Stables, Drumhead House is a Grade B listed building in the Argyll and Bute local planning authority area, Scotland. First listed on 22 July 1974. Baronial house.

Stables, Drumhead House

WRENN ID
former-basalt-sepia
Grade
B
Local Planning Authority
Argyll and Bute
Country
Scotland
Date first listed
22 July 1974
Type
Baronial house
Source
Historic Environment Scotland listing

Description

Stables, Drumhead House

A mid-19th century Baronial house of three storeys in L-plan, built onto and substantially dwarfing an earlier 18th century T-plan house which now functions as the kitchen wing. The main building is constructed from squared and snecked honey-coloured sandstone with ashlar margins and dressings, featuring crowstepped gables. The earlier service wing is of rubble construction with a harl-pointed finish.
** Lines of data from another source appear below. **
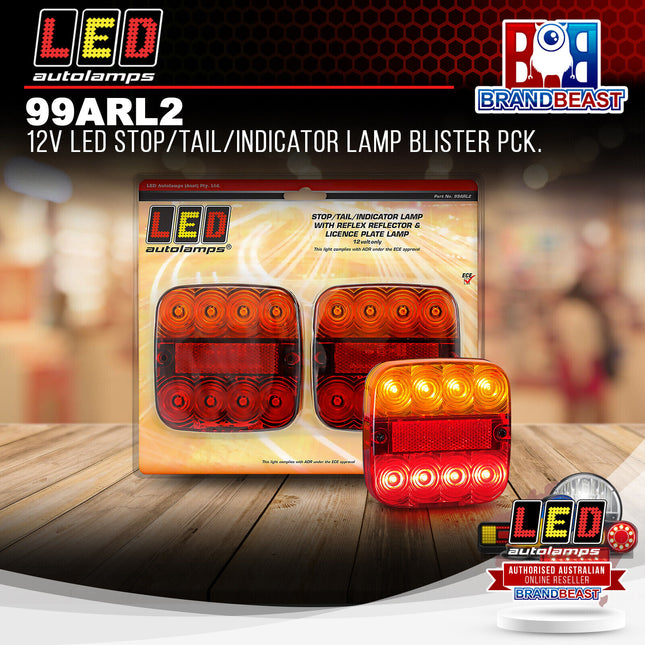 LED Autolamps 99ARL2 12V LED Stop/Tail/Indicator Lamp Blister Pck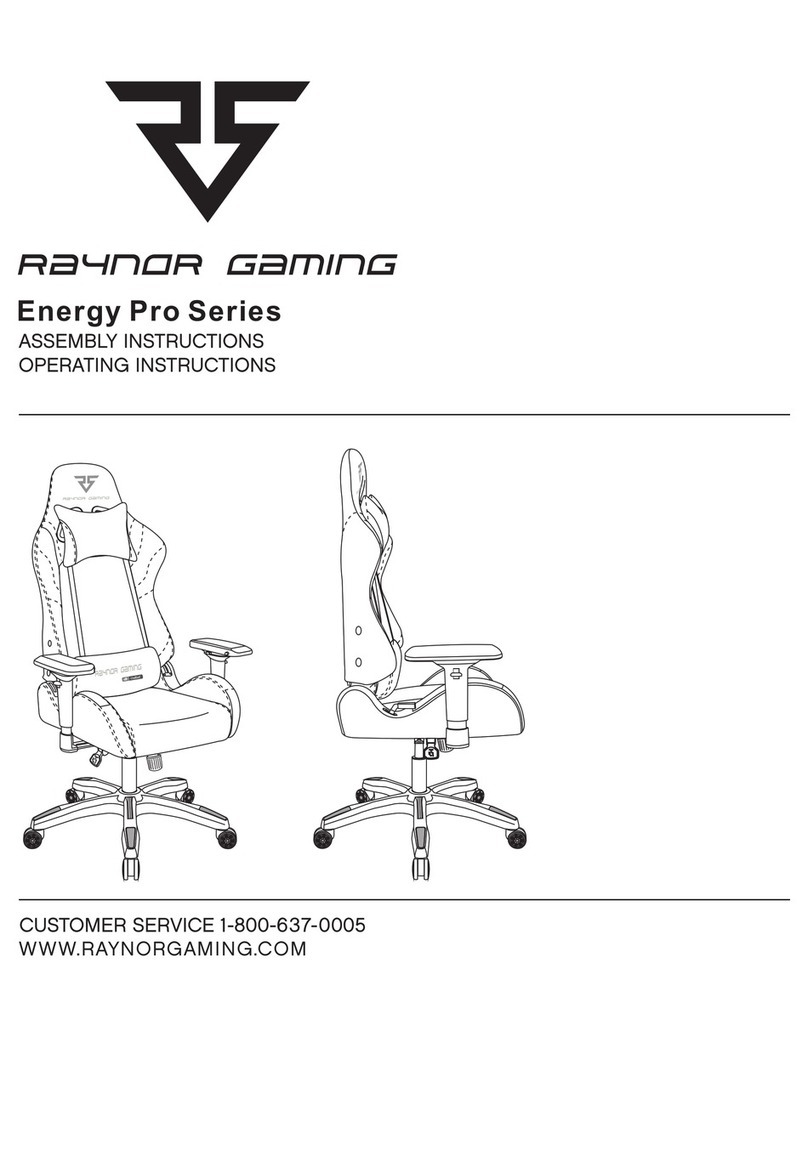 Raynor Gaming Energy Pro Series Assembly and operating instructions Raynor Gaming Energy Pro Series Assembly and operating instructions
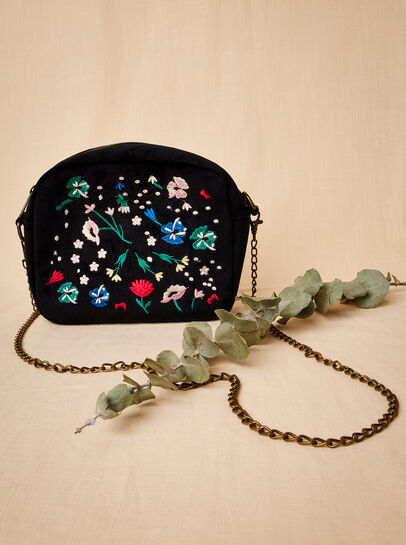Floral Embroidered Velvet Bag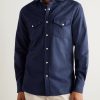 Virgin Wool-Flannel Western Shirt - FR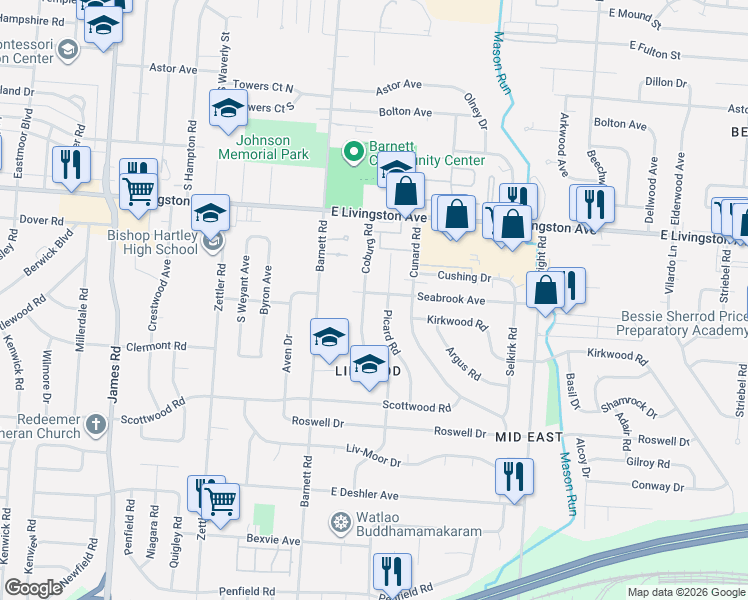 map of restaurants, bars, coffee shops, grocery stores, and more near 1408 Picard Road in Columbus
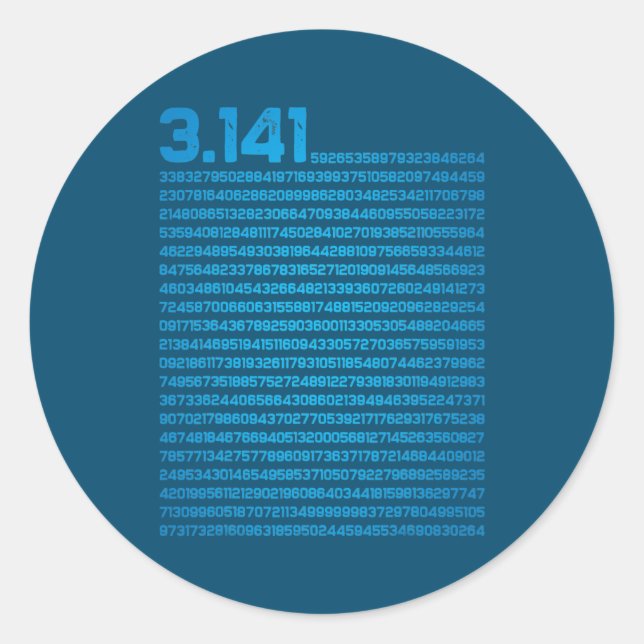 Pegatina Redonda 3 14 Pi Day Matemáticas Física Número irracional (Anverso)
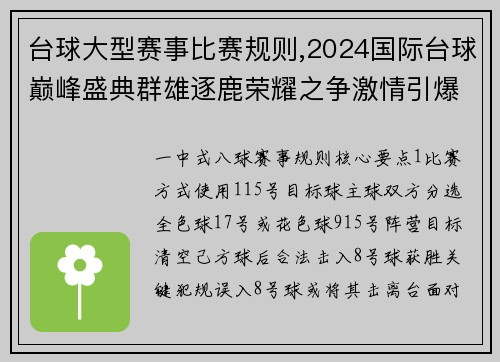 台球大型赛事比赛规则,2024国际台球巅峰盛典群雄逐鹿荣耀之争激情引爆全场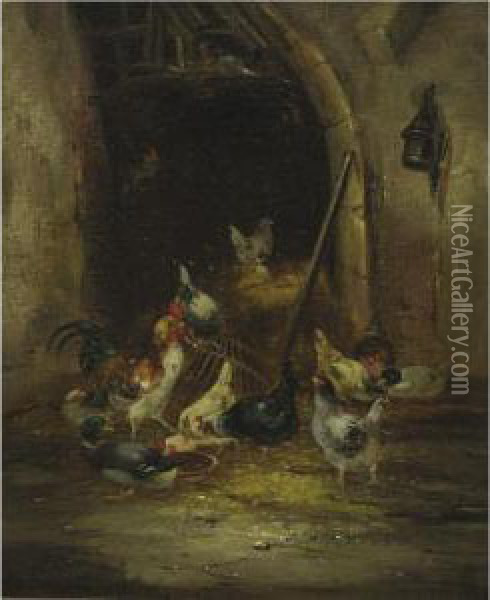 In The Poultry Yard: A Pair Oil Painting - Claude Guilleminet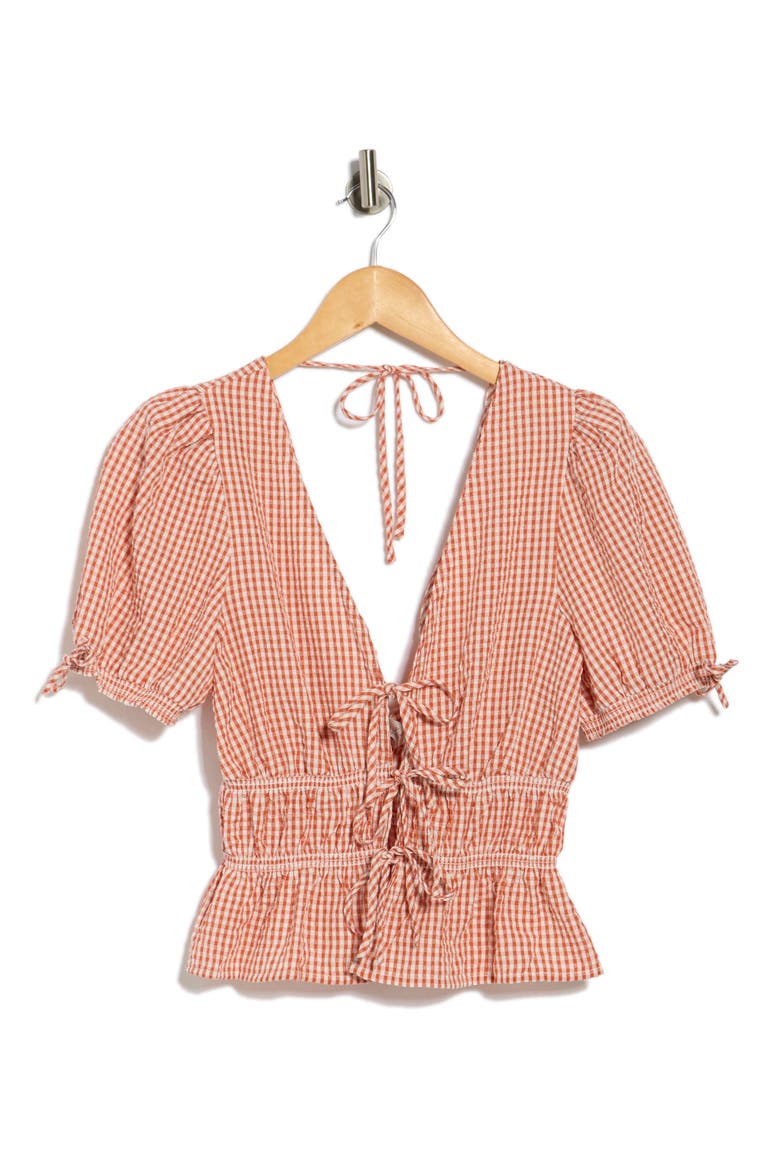 Gingham Short Sleeve Tie Front Top, Alternate, color, CLAY SEERSUCKER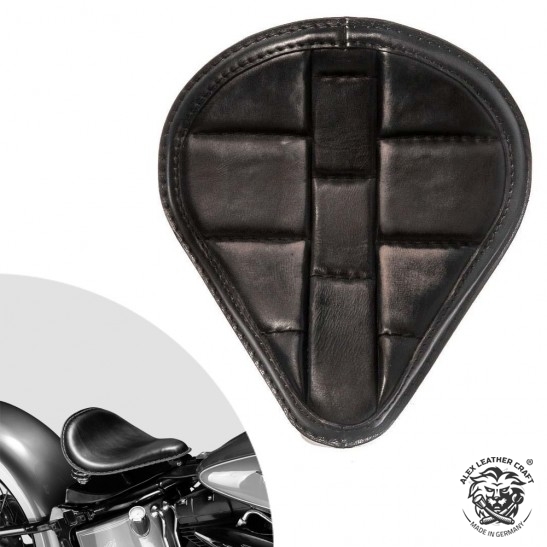 Bobber Solo Seat Harley Davidson Softail 2000-2017 incl mounting kit "Drop" Turtle Vintage Black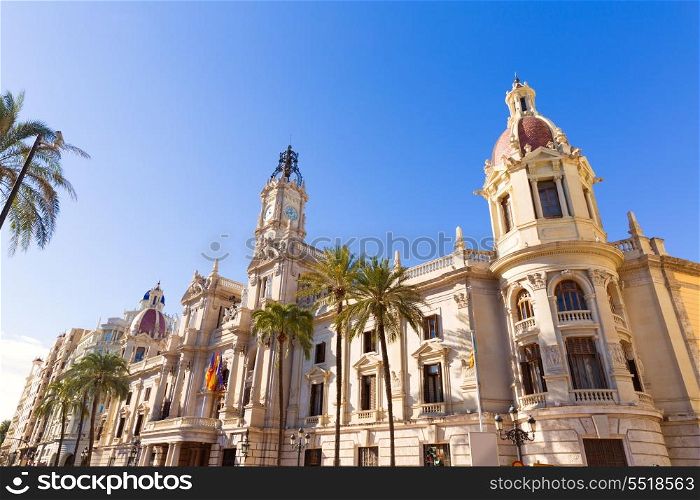 Valencia Ayuntamiento city town hall building and square in Spain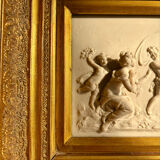 Marble bas-relief tableau of Putti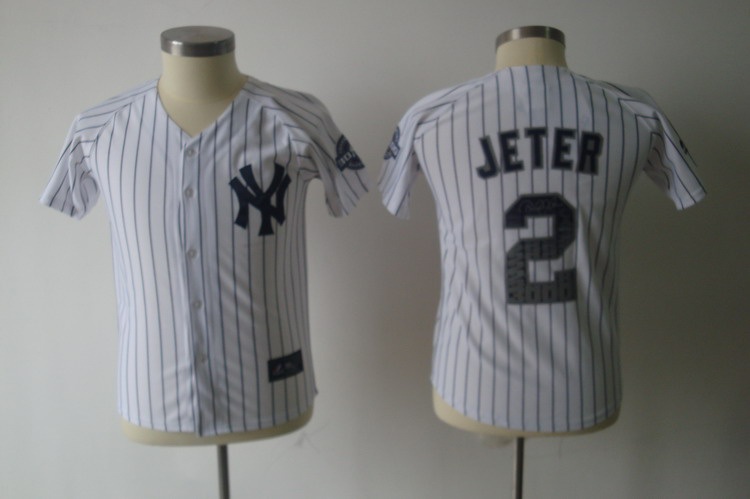 New York Yankees JETER 2# youth white mlb jerseys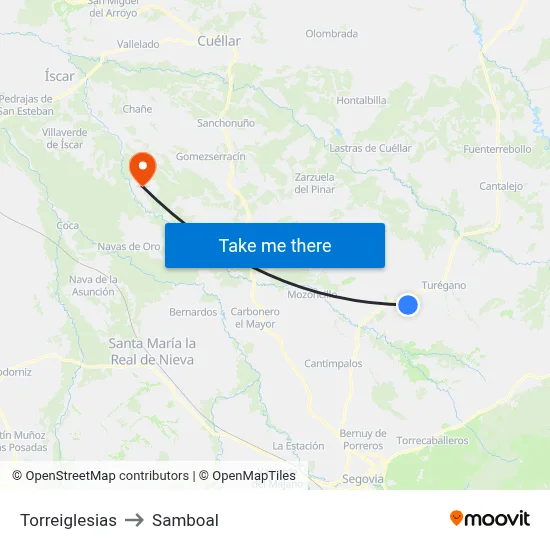 Torreiglesias to Samboal map
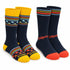 Bridgedale Blue/Yellow kids ski sock two-pack, shown as two matching pairs.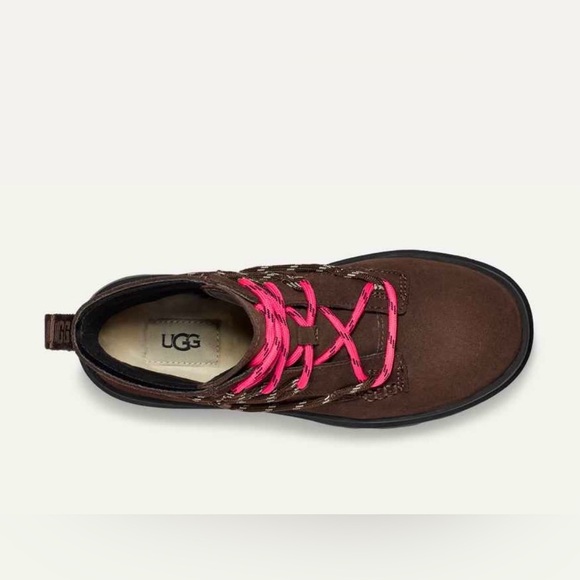 UGG Brisbane Lace Up Waterproof Suede Boots with Pink & Brown Laces • 10 • NWT - Picture 4 of 15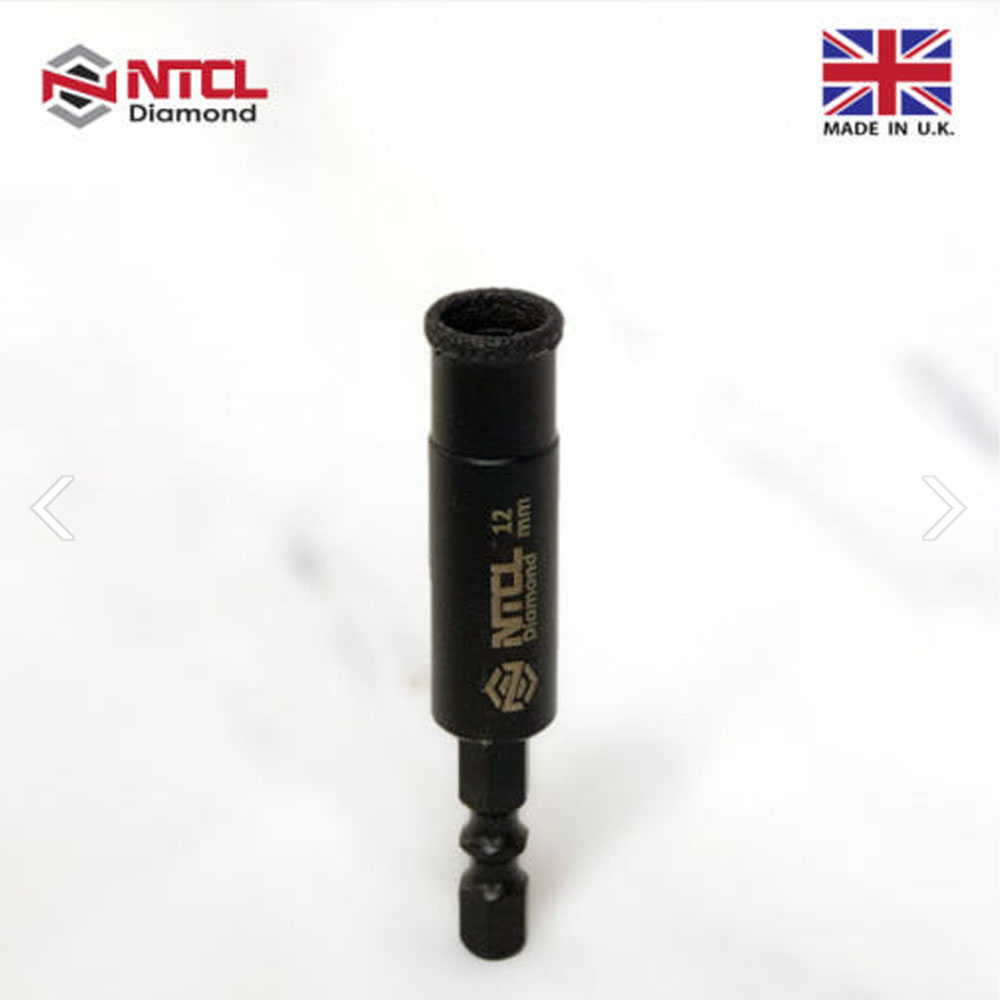 NTCL 융착코어비트 12mm 다이아몬드 홀쏘 유리 세라믹 대리석 타일 천공작업 코아비트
The south elevation presents an L-plan with a prominent 3-stage circular tower set within the re-entrant angle. The tower features a basket-arched doorway with roll-moulding and consoled cornice, flanked by narrow windows. Windows are symmetrically disposed at each stage, with the upper floor window incorporating strapwork detail, and small windows at the outer left and right at attic level. The tower terminates in an eaves cornice and candlesnuffer roof with lead finials. To the left, a broad bay is advanced, as is a central bay, with a ground-floor window and a tripartite window with stone mullions at principal floor level. The upper floor is slightly jettied with a crowstepped gable breaking over the window, which features strapwork details.

The west elevation comprises a three-storey block with a crowstepped gabled advanced bay to the left and a square bay window extending from ground to first floor with mutuled cornice and lead roof. A single window sits in the gablehead with strapwork detail above. A corbelled turret occupies the re-entrant angle to the right, featuring a blind arrowslit and eaves cornice with fish-scale tiles and lead finials. A gable to the right has windows symmetrically disposed from ground to first floor. A service block lies to the outer left.

The service wing dates from the early 18th century. It is two storeys with an attic and constructed from rubble with harl-pointing, ashlar margins and dressings, though later alterations include cement margins and painted sections on part of the east elevation.

The east elevation of the service wing features a narrow wing attached to the south of the later house, with a screen wall creating a courtyard effect to its left. A wing projects off-centre to the right with a small window to the left and a piend-roofed block at ground level. Altered windows occupy the left and right returns, with a door in the corner of the left return. A block to the left contains two openings at ground level, the rightmost of which is a former door now blocked as a window, bearing a lintel inscribed "AB 1766". A two-bay block to the right of the wing has a lean-to at ground level and two piend-roofed dormers symmetrically disposed. A narrow gabled bay projects to the outer left against the Baronial house, with a later piend-roofed single-storey block in front. A screen wall creates a courtyard effect on this elevation.

The west elevation of the service wing is a long range of rubble with cement margins and later additions, comprising four bays asymmetrically disposed. Crowstepped dormerheads occupy the outer left and right, that to the right enlarged to a door with window at ground level. A small window sits at ground level to the left. A 20th-century rendered piend-roofed oriel projects to the left, with a rubble gabled porch advanced at ground and a window to its left.

The north elevation of the service wing is a gable with a first-floor window to the outer left.

Throughout, windows are 12-pane and plate glass timber sash-and-case type. Roofs are covered with grey slate with lead flashings and lead coping and ball finials to the candlesnuffer roofs.

The stable block dates from the early to mid-19th century and forms an L-plan of rubble construction with stugged ashlar margins and dressings. A crowstep-gabled coach house and hayloft features a segmental-headed coach arch with boarded two-leaf doors and a crowstep-gabled hoist door above. A window sits in the gablehead of the return to the left. The lower two-bay stable wing has two doors symmetrically disposed as boarded two-leaf doors. The roof is of slate with lead flashings and a rooflight on the lower wing.

An 18th-century walled garden lies to the east of the house. The rubble wall has harl pointing with whinstone and sandstone rubble and ashlar slab coping, supported by rubble buttresses. Lean-to painted brick sheds with corrugated roofs are positioned against the north wall.